American Mary is layered with humor, some unintentional and some very planned. The Soskas make cameos playing twin sisters that want a particularly complex surgery (with terrible fake German accents), and Isabelle utters a couple of truly funny lines as Mary. After the first half of the movie, Mary's line delivery (d)evolves into Rose McGowan-like, fast sarcastic statements that give American Mary a snarky flavor. Like Ginger in Ginger Snaps, Isabelle's Mary is an innocent girl who becomes a monster because she can’t control her own sexuality. It's not too different as far as performances go, though Mary is more mature and less relatable than Ginger.
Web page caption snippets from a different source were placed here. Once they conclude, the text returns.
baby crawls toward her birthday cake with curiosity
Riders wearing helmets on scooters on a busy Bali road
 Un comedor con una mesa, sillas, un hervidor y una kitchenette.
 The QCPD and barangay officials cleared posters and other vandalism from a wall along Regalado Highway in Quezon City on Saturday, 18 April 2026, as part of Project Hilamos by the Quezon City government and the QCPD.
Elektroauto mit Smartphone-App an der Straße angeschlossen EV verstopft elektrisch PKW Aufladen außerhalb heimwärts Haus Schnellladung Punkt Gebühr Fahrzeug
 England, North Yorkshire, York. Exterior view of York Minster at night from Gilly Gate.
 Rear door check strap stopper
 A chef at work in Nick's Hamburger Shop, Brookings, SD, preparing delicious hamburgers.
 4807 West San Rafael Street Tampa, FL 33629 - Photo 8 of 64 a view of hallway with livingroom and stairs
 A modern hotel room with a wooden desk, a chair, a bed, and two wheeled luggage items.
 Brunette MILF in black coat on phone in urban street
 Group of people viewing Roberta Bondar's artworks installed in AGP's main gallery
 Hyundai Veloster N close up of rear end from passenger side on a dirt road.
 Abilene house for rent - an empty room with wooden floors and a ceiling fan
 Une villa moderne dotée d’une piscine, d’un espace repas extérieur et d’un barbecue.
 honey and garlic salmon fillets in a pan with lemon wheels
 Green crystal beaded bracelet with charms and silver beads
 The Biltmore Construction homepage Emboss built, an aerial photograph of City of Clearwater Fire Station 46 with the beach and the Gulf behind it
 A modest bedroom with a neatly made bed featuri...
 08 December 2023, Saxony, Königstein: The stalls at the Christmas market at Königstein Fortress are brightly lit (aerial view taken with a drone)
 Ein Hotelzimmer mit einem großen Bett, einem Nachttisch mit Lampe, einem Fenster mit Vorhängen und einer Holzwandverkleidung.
Actress Tristan Risk plays Beatress Johnson, a stripper obsessed with looking like Betty Boop to the point that she affects a Betty Boop voice all the time and has disastrous plastic surgery that makes her face look like it is made out of Play-Doh. Instead of being creepy, the questionable makeup and the irritating voice and mannerisms are just silly. Why would Beatress act like Betty Boop all the time, instead of just when she's at the strip club and trying to use her unique looks to get customers? Why hasn't anyone else in the neighborhood noticed the freakish woman with the bad Betty Boop wig walking around? Why hasn't she been made fun of on all the mainstream gossip blogs? And further, where does her disturbing fixation with looking like a kid’s cartoon character some from? Is she mentally ill? American Mary couldn’t begin to answer these questions, nor does it want to. By avoiding the obvious problems and interesting nature of a character like Beatress, American Mary declines to get really involved in the body modification movement except in an "Oh look, gnarly!" surface-area way. Billy’s seemingly real love for Mary is never allowed to grow, either. The Soskas have referred to American Mary as an allegory for their experiences in the film industry; is that why everyone in the film is a shallow, disconnected sociopath pathologically obsessed with their own looks, exploiting people for profit, or both?